Quantum Compositeness of Gravity: Black Holes, AdS and Inflation
Gia Dvali, Cesar Gomez
TL;DR
This work reimagines gravity as a quantum-composite system of N soft gravitons, placing gravitational backgrounds at a quantum-critical point and deriving classical curved spacetimes as the large-N limit of graviton scattering. By coupling this picture to inflation and de Sitter spaces (via a gravitons-inflaton condensate), the authors reproduce standard inflationary predictions while revealing cumulative, finite-N quantum corrections that bound the duration of inflation and encode the entire history of the Hubble patch. A key insight is that particle creation is not a vacuum process but results from depletion of real background quanta, yielding new clocks (depletion and entanglement) that can affect observables and potentially address the cosmological constant problem. The framework also extends to AdS, where AdS holography emerges as the criticality of a graviton condensate and large AdS black holes are described via a graviton-entropy correspondence, offering a unified microscopic foundation for holography and quantum gravity phenomena.

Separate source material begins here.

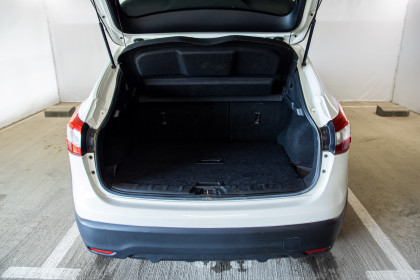 Продажа Nissan Qashqai II 1.2 MT (115 л.с.) 2015 Белый в Автодом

Overall, the paper provides a microscopic, many-body perspective on gravity that connects black hole physics, inflationary cosmology, and AdS/CFT through graviton condensates and quantum-critical dynamics, predicting measurable quantum corrections beyond standard semiclassical gravity.
Abstract
Gravitational backgrounds, such as black holes, AdS, de Sitter and inflationary universes, should be viewed as composite of N soft constituent gravitons. It then follows that such systems are close to quantum criticality of graviton Bose-gas to Bose-liquid transition. Generic properties of the ordinary metric description, including geodesic motion or particle-creation in the background metric, emerge as the large-N limit of quantum scattering of constituent longitudinal gravitons. We show that this picture correctly accounts for physics of large and small black holes in AdS, as well as reproduces well-known inflationary predictions for cosmological parameters. However, it anticipates new effects not captured by the standard semi-classical treatment. In particular, we predict observable corrections that are sensitive to the inflationary history way beyond last 60 e-foldings. We derive an absolute upper bound on the number of e-foldings, beyond which neither de Sitter nor inflationary Universe can be approximated by a semi-classical metric. However, they could in principle persist in a new type of it quantum eternity state. We discuss implications of this phenomenon for the cosmological constant problem.